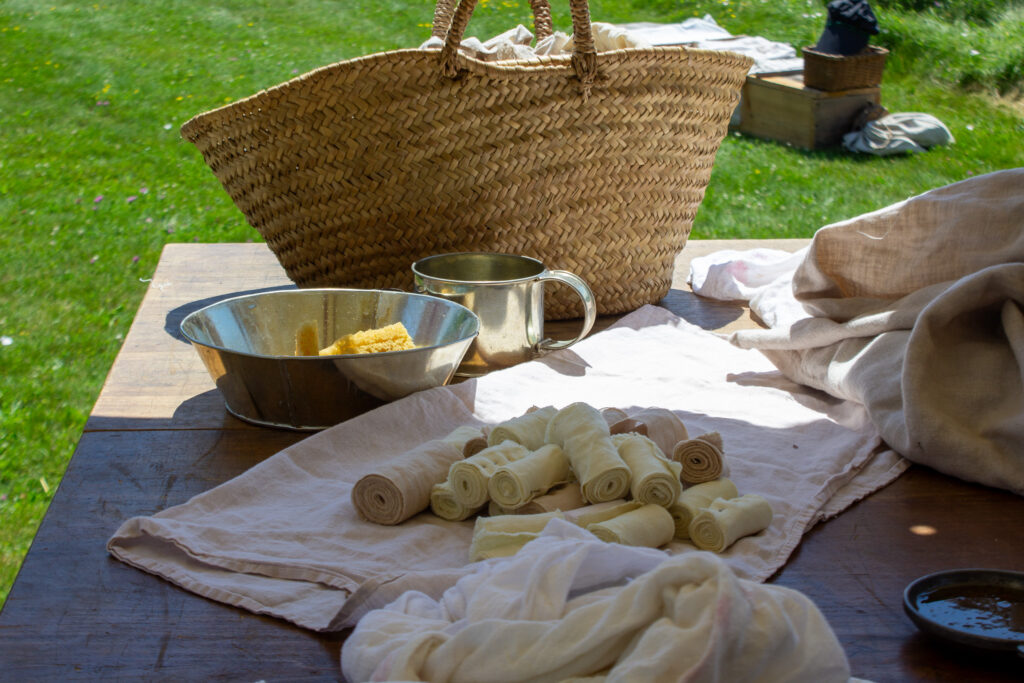 Rolled bandages at the flying hospital, Fort Ticonderoga, Ticonderoga, NY. 2026.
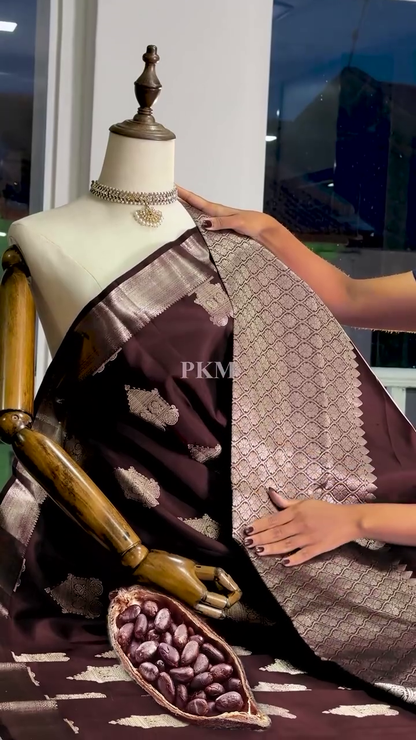 Elegant Chocolate Brown Banarasi Soft Silk Saree with Silver Zari Weaving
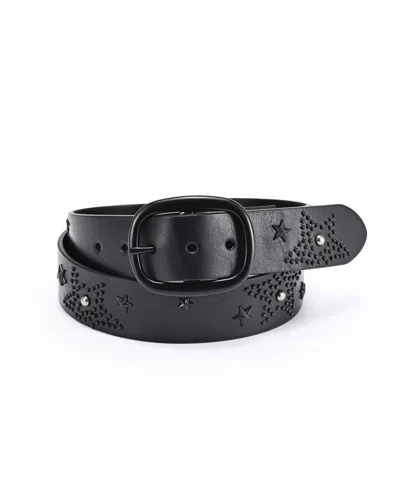 Old Trend Women's Glory Star Leather Belt In Black
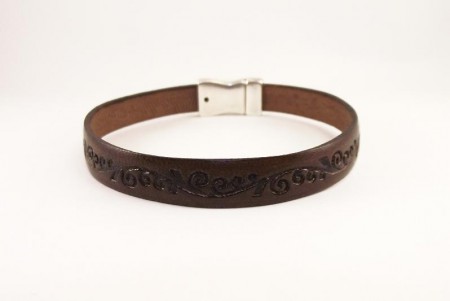 Bracelet homme en cuir marron décoré type floral - fermoir magnétique
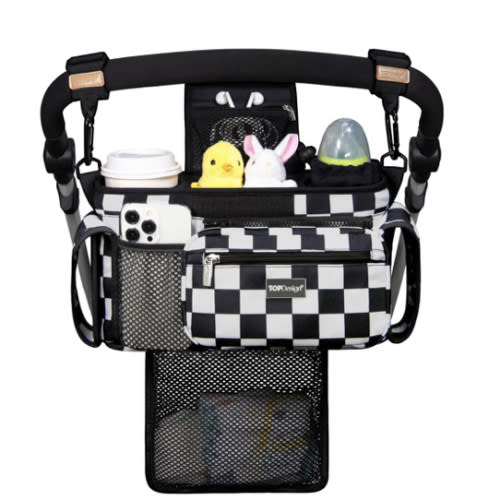 TOPDesign Universal Baby Stroller Organizer, Stroller Caddy with Detachable Mesh Bag & Heightened Insulated Cup Holders & Non-Slip Secure Hooks Accessories, Fits Most Strollers (Checkerboard)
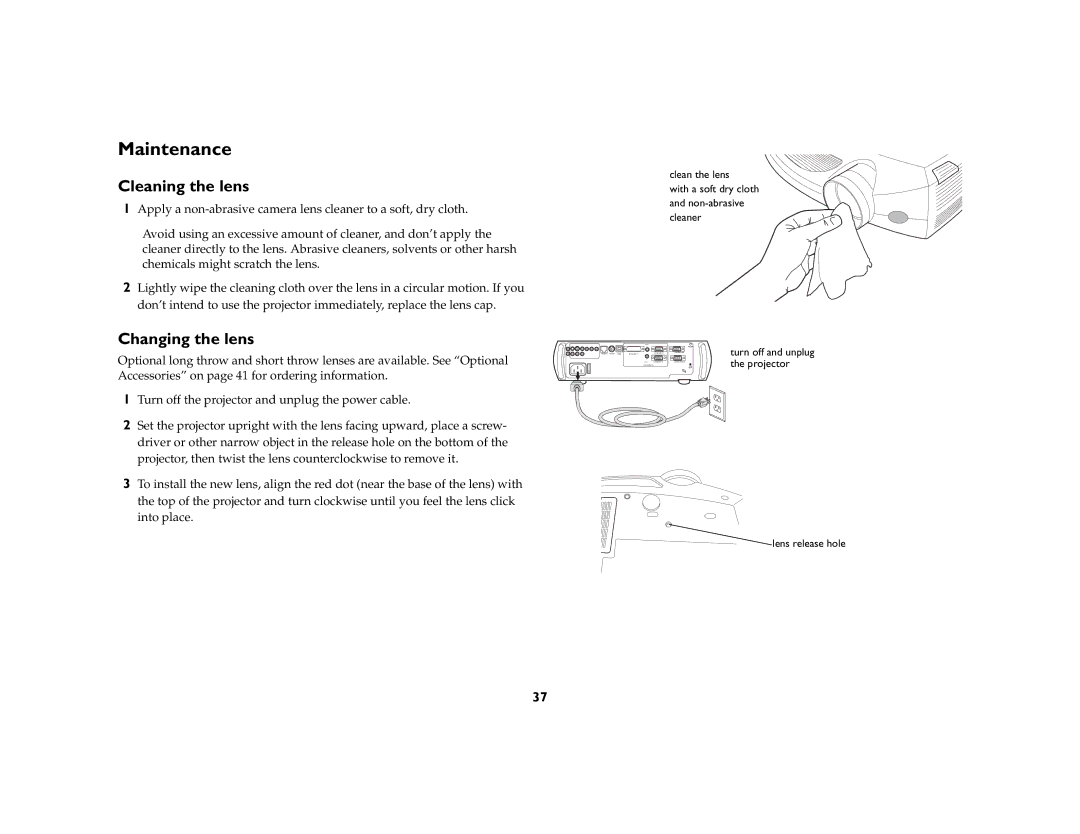 Ask Proxima C410/C420 manual Maintenance, Cleaning the lens, Changing the lens 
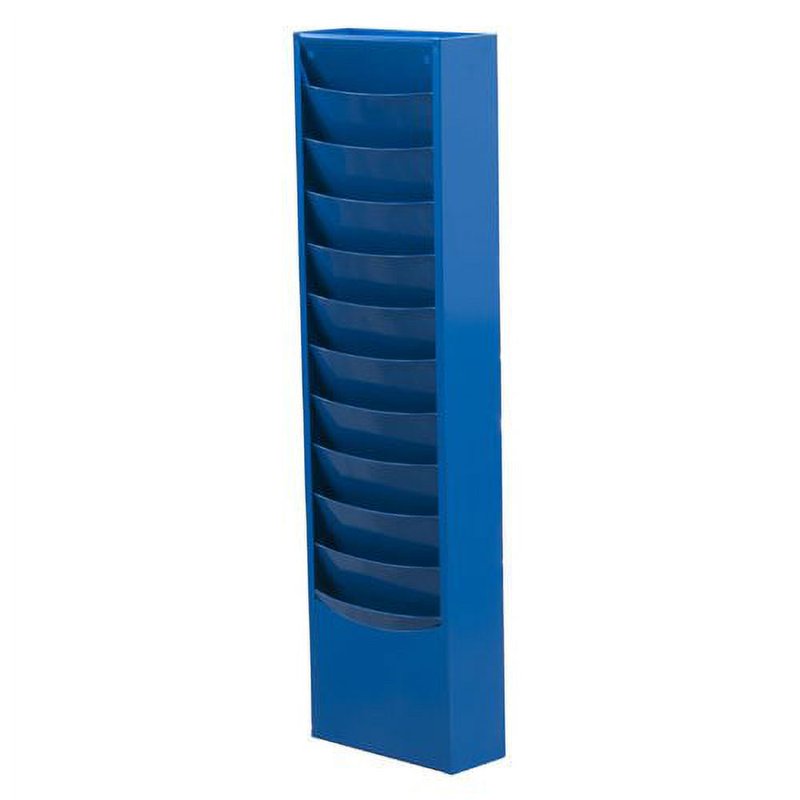 Wall-Mount Magazine Rack with 11 Compartments Steel Wall Shelf for Literature Storage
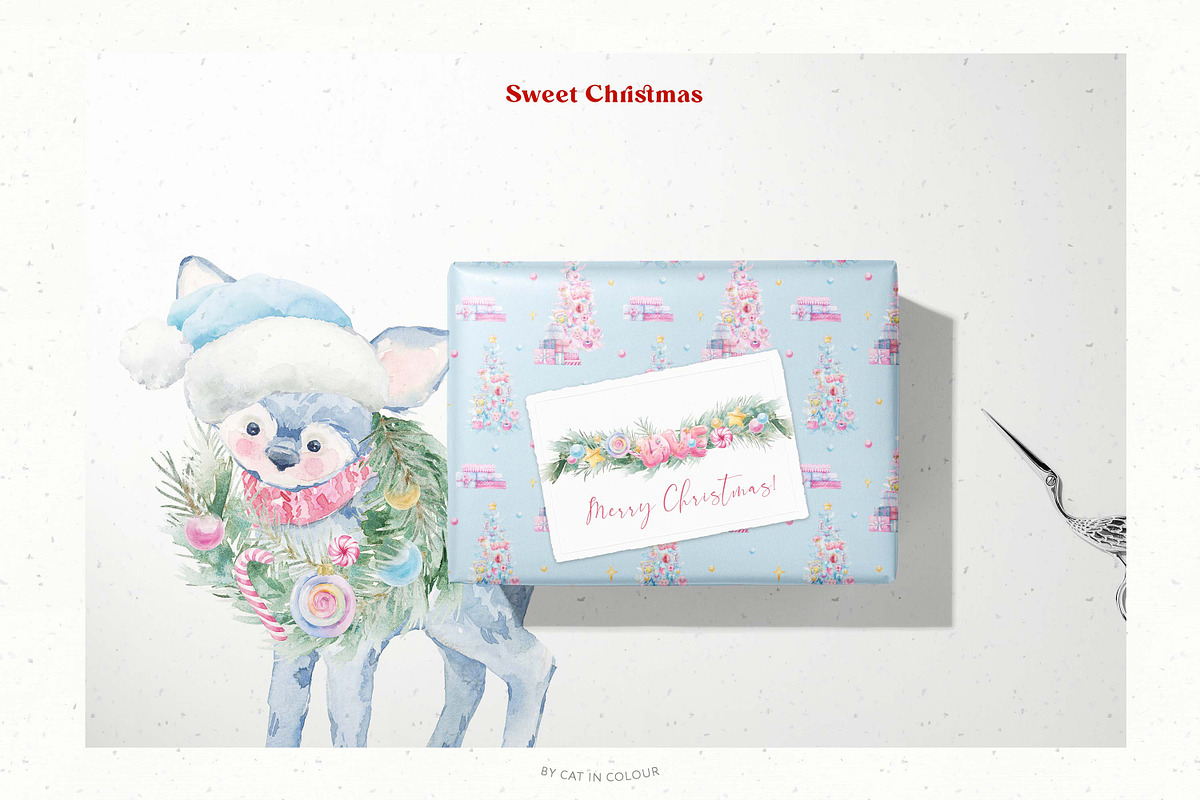 Sweet Christmas Watercolor Clipart, a Seasonal Illustration by Cat In Colour (Photo 7 of 8)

= What to produce =
A word-for-word copy of the entries above is what is needed, without any images.

= Response to this task =
 Rolled bandages at the flying hospital, Fort Ticonderoga, Ticonderoga, NY. 2026.
 Elegant Chocolate Brown Banarasi Soft Silk Saree with Silver Zari Weaving
 Old Trend Women's Glory Star Leather Belt In Black
 Bracelet homme en cuir marron décoré type floral - fermoir magnétique
 TOPDesign Universal Baby Stroller Organizer, Stroller Caddy with Detachable Mesh Bag & Heightened Insulated Cup Holders & Non-Slip Secure Hooks Accessories, Fits Most Strollers (Checkerboard)
 Ask Proxima C410/C420 manual Maintenance, Cleaning the lens, Changing the lens 
 Wall-Mount Magazine Rack with 11 Compartments Steel Wall Shelf for Literature Storage
 Sweet Christmas Watercolor Clipart, a Seasonal Illustration by Cat In Colour (Photo 7 of 8)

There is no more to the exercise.